First-Hand:The Telephone
Submitted by A. Michael Noll
January 21, 2025
Many decades ago, a telephone and a telephone call were very special. Growing up, we had a small table in the corner of the dining room for just the telephone instrument. There was a chair, and the telephone directory was kept under the table.
A telephone call was indeed very special. We learned of deaths – and marriages and births. I discussed my homework over the phone with fellow students. I answered the telephone always giving my name that it was I speaking. The quality of the voice told me much about how the other person was feeling: sad, happy, ill, or angry. It was as if I could “see” the other person – decades before today’s video calls.
Most people had a party service, in which two users shared a single line. If you picked up the telephone handset to make a call, you would hear the other party speaking if they were already on a call. The etiquette was not to listen, or gossip about what might have been overheard. If there was an emergency, you could interrupt and ask for the line to be released.
Today, telephones are smart telephones, also functioning as a camera and as a text messenger, and also as a computer for World Wide Web access to graphic and text information. Conversations occur while driving the car, or walking the aisles in the supermarket. It seems that communication is available everywhere, anywhere, and at any time.
With caller identification and call waiting, I can be suddenly told there is another call, and placed on hold – without even being asked. Clearly the new call is more important than speaking to me. With speakerphone, I am never told who else might be there physically, listening to the conversation. In the old days, it was considered polite to ask before placing a call on the speaker, and to then inform of who else was there listening.
It seems that telephone etiquette is gone. Calls go astray in the middle of a conversation, frequently because the user of the smart phone inadvertently pushed the wrong button on the screen. Sometimes I receive a call made by the smart phone itself with no one there itself because a button was inadvertently pushed in a back pocket.
Oh well. I guess I have become an old-timer remembering those good old days. Later in my career, I would write some text books about the technology of the telephone and the telephone network.
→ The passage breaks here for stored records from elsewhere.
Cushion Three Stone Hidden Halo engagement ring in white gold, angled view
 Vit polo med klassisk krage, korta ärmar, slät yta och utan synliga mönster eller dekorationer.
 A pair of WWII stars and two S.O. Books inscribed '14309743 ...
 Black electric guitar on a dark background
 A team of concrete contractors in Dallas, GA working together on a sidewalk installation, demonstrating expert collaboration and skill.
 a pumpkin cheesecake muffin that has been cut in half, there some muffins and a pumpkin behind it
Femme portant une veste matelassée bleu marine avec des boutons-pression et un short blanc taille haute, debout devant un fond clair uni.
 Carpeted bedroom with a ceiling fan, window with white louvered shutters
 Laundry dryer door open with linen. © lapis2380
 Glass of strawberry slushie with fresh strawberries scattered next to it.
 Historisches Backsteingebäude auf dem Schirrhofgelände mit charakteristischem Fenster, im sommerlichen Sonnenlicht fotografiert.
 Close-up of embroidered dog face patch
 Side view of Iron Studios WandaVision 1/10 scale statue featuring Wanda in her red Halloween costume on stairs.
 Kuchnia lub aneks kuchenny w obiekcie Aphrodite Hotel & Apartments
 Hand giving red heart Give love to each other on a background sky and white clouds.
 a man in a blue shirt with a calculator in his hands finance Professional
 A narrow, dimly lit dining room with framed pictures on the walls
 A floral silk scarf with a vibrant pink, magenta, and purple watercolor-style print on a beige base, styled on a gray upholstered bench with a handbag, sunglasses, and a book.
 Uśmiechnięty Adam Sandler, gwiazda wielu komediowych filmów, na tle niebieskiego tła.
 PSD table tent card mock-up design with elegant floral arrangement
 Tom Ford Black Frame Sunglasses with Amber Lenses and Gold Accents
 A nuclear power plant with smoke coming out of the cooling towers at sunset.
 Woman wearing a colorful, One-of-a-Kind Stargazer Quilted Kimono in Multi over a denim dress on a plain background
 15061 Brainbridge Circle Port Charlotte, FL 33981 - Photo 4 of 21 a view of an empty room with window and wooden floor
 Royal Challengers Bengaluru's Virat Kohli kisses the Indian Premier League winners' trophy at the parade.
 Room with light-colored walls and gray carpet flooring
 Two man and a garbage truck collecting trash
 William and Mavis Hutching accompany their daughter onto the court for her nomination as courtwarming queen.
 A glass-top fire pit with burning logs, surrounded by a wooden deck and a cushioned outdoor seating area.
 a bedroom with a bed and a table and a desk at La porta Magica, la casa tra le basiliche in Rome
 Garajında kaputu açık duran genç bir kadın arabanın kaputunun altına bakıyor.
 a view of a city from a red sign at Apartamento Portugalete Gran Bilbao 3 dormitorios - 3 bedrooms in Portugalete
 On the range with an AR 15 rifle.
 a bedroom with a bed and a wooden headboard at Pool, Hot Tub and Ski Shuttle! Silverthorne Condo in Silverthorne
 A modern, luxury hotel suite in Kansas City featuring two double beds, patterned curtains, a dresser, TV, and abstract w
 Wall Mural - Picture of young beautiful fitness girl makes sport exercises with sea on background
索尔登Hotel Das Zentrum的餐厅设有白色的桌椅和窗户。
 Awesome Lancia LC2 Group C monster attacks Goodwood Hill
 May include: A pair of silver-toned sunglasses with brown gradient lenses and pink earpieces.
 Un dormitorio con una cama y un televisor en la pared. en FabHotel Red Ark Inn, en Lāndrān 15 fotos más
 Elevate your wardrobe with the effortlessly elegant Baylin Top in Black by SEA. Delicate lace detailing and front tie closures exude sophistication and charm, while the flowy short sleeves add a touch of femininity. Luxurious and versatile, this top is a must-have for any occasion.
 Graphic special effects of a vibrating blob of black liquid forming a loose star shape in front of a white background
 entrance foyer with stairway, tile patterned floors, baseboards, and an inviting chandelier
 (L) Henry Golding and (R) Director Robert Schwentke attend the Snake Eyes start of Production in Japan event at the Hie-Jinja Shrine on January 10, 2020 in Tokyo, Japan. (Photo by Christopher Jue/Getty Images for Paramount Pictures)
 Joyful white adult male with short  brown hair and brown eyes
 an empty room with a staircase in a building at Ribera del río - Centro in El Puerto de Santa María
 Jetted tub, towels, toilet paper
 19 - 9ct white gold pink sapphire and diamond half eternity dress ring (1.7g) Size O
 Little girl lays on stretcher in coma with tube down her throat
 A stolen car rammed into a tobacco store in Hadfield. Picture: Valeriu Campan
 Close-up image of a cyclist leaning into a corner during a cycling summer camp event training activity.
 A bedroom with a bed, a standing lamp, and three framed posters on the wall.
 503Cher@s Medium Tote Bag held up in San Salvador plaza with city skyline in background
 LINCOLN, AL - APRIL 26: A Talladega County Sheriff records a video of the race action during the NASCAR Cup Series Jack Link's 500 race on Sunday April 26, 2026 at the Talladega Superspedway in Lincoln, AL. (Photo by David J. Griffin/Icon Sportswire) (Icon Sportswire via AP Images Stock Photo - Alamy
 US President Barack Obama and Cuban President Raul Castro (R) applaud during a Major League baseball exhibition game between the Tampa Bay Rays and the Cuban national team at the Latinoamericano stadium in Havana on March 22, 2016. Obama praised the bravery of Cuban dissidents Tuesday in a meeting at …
Working at the Executive Office of the President in the early 1970s, I was an advocate for the packet switching of the then ARPANET, which would evolve into today’s Internet. Working at AT&T Marketing in the late 1970s, I was a champion of text communication, which would evolve into today’s texting. So, I guess I was more than just an old-timer clinging to the past. But as the future evolved, some things were lost – the good old days.